Setting Up a Virtual Data Room in a Merger or Acquisition

Virtual data rooms can be set up internally or externally. With an internal data room, the seller provides and oversees the room. External rooms are outsourced to third-party providers. Many businesses resort to full or partial outsourcing, and they must compile documents such as:

  • Financial statements and reports
  • Corporate books
  • Employee paperwork
  • Agreements and contracts
  • Insurance policies and legal documents
  • A list of assets

Whether done externally or internally, the steps to set up a data room are the same.
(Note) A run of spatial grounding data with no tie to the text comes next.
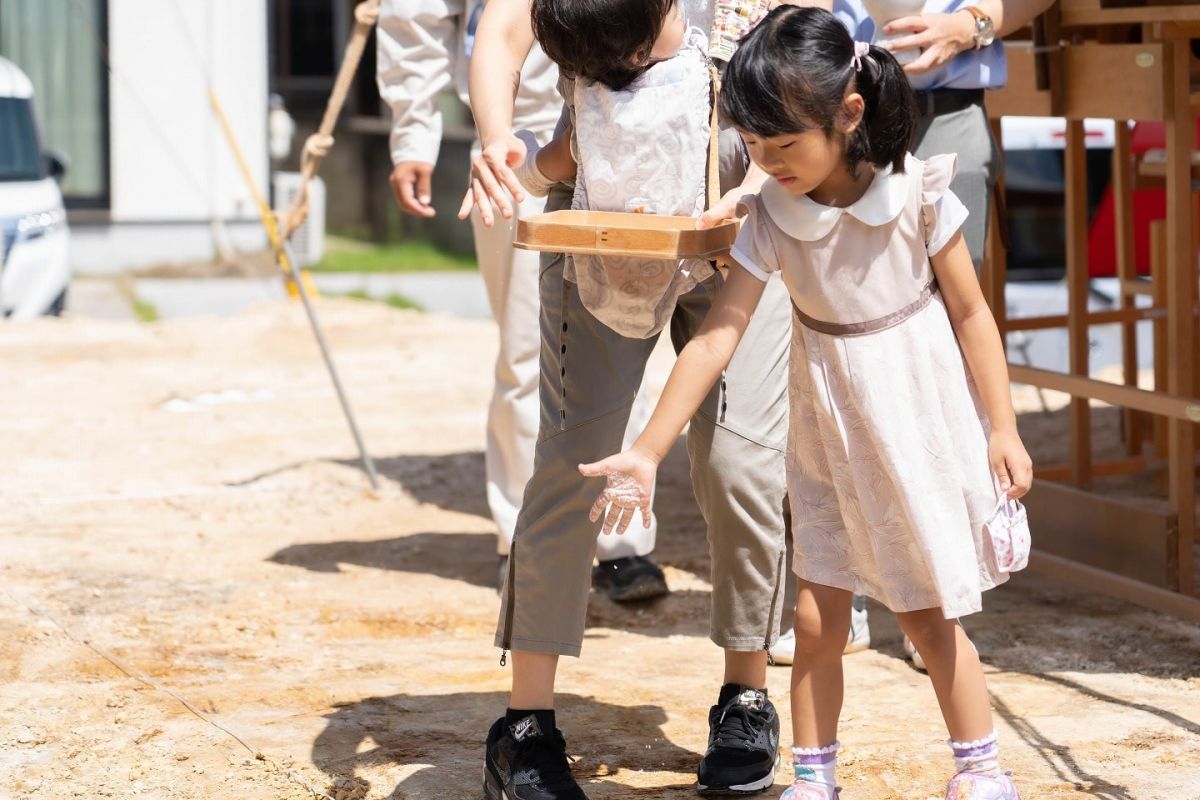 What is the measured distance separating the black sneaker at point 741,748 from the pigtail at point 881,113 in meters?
0.96

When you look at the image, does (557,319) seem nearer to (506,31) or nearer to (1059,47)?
(506,31)

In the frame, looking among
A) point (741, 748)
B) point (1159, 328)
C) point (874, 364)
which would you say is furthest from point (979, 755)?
point (1159, 328)

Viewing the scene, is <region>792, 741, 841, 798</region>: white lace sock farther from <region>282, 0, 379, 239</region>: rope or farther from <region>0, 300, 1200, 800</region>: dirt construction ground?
<region>282, 0, 379, 239</region>: rope

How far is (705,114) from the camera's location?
2.43 metres

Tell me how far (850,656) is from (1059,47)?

For the purposes of this guide, however, assume that the client is hiring an external vendor to manage the storage of important data during a merger or acquisition.

Keeping it Simple

Companies should set up a virtual deal room that suits the purpose, and managers should consider that a user may not have the same level of familiarity with the system. Here, a simple interface can work to everyone’s advantage. However, it’s important to include useful functions where possible. When companies choose reliable Virtual Deal Room providers, they can be assured that their sensitive information is safe and easily accessible during mergers and acquisitions. By learning more about the process, clients can choose a provider that offers the services and security they need at a reasonable price.